AIM OF THE TASK: Since the records include pictures, leave those out while you reproduce exactly and only the lines from the one containing "Indianapolis apartment for" through the one containing "Large industrial spools", inclusive.
[DATA RECORDS — start]
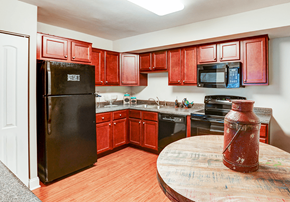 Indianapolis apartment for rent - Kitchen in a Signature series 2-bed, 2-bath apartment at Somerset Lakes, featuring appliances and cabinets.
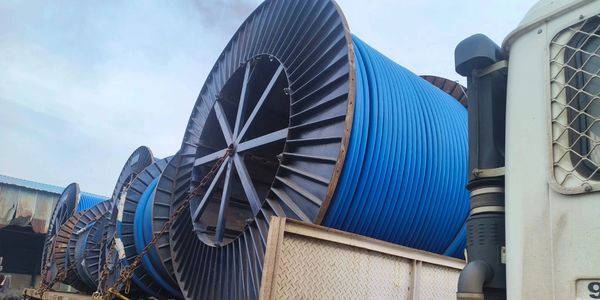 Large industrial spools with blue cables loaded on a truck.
[DATA RECORDS — finish]
[DATA RECORDS — start]
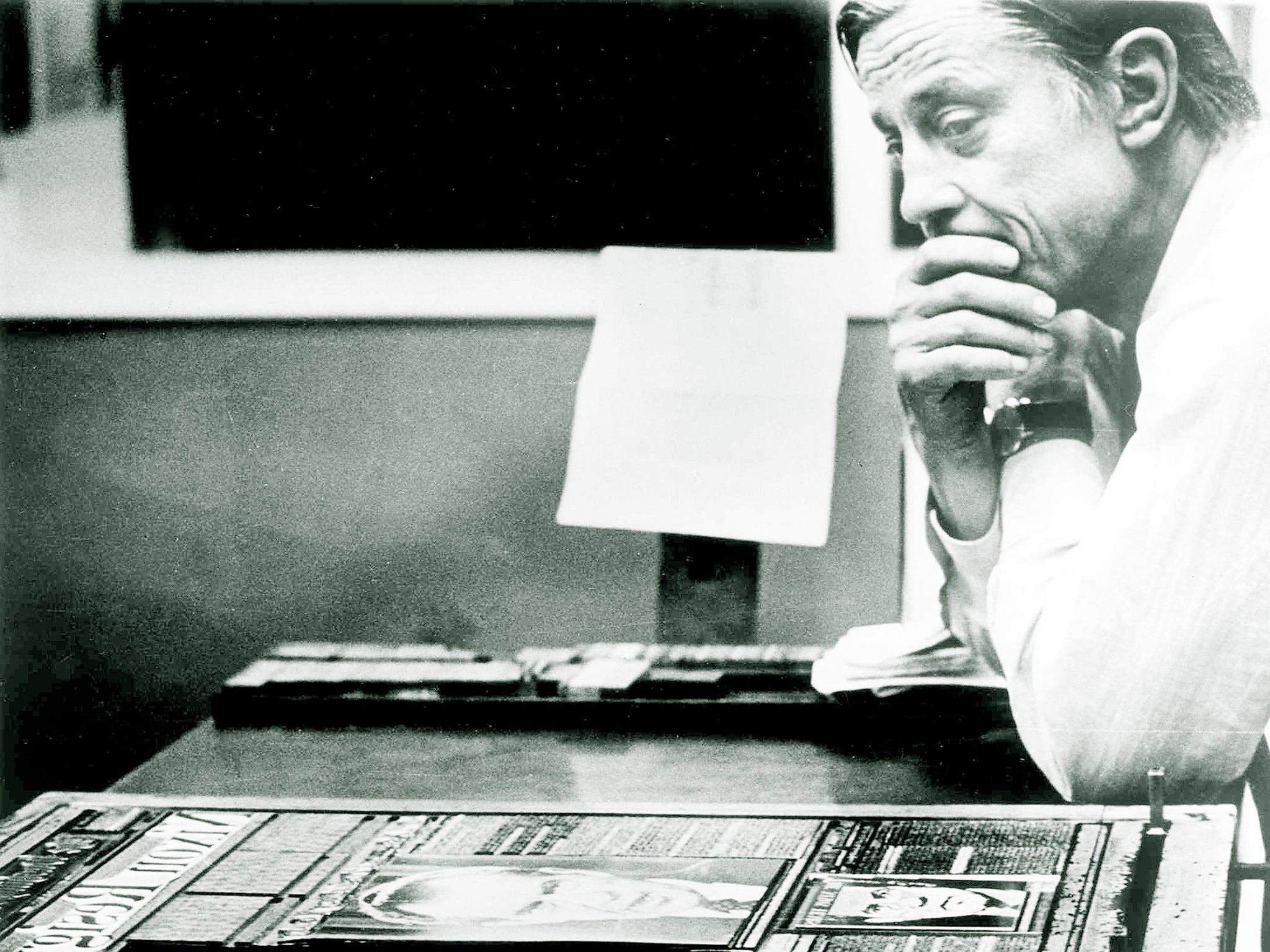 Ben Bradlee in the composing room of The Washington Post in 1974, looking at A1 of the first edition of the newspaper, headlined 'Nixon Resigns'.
[DATA RECORDS — finish]
[DATA RECORDS — start]
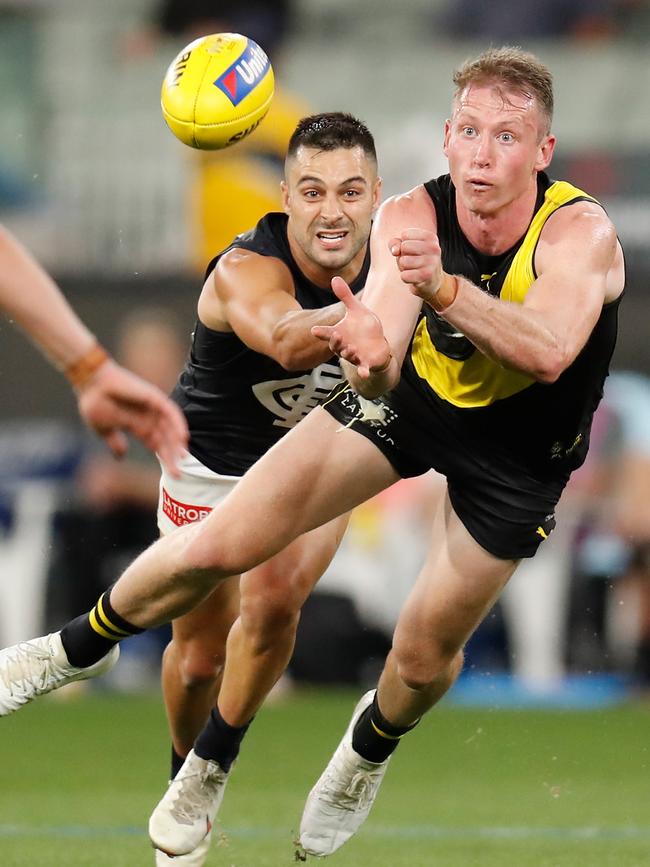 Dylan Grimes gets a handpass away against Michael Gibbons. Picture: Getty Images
[DATA RECORDS — finish]
SOLUTION:
 Indianapolis apartment for rent - Kitchen in a Signature series 2-bed, 2-bath apartment at Somerset Lakes, featuring appliances and cabinets.
 Large industrial spools with blue cables loaded on a truck.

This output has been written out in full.